◆ **Requirement**: Your answer should be the lines below from the one holding "275 Latigo Way, Weatherford, TX 76088" through the one holding "Jonas Hector FC", copied exactly and with nothing else.

◆ **Provided information**:
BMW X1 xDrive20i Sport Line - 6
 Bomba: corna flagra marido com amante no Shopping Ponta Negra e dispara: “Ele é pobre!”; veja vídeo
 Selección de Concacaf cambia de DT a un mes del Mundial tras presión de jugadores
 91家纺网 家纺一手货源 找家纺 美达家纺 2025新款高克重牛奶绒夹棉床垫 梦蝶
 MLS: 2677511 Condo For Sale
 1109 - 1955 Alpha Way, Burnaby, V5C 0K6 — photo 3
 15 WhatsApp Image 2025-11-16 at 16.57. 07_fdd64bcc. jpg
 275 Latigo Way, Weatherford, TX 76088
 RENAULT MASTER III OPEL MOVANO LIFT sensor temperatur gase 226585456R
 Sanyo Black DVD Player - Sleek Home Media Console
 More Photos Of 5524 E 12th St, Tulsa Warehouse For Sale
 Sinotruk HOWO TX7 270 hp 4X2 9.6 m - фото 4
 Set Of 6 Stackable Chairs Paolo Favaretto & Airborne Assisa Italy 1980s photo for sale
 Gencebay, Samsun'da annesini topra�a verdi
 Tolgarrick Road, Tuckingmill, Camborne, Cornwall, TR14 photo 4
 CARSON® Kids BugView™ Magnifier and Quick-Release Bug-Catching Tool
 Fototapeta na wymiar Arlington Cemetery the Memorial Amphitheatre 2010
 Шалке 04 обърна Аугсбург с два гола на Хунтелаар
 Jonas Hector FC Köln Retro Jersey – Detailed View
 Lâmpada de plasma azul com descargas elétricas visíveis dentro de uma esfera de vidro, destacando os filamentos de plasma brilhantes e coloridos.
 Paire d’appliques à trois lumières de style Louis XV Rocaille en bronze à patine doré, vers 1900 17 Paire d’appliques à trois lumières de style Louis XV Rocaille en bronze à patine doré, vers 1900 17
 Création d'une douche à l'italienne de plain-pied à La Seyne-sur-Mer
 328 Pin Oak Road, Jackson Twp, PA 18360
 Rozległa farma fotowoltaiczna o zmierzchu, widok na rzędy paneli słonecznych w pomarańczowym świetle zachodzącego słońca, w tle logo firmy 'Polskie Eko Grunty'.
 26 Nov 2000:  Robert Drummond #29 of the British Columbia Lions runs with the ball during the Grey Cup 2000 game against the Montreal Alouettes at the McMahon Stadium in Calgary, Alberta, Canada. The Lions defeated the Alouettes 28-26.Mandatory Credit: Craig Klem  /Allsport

◆ **Answer space**:
 275 Latigo Way, Weatherford, TX 76088
 RENAULT MASTER III OPEL MOVANO LIFT sensor temperatur gase 226585456R
 Sanyo Black DVD Player - Sleek Home Media Console
 More Photos Of 5524 E 12th St, Tulsa Warehouse For Sale
 Sinotruk HOWO TX7 270 hp 4X2 9.6 m - фото 4
 Set Of 6 Stackable Chairs Paolo Favaretto & Airborne Assisa Italy 1980s photo for sale
 Gencebay, Samsun'da annesini topra�a verdi
 Tolgarrick Road, Tuckingmill, Camborne, Cornwall, TR14 photo 4
 CARSON® Kids BugView™ Magnifier and Quick-Release Bug-Catching Tool
 Fototapeta na wymiar Arlington Cemetery the Memorial Amphitheatre 2010
 Шалке 04 обърна Аугсбург с два гола на Хунтелаар
 Jonas Hector FC Köln Retro Jersey – Detailed View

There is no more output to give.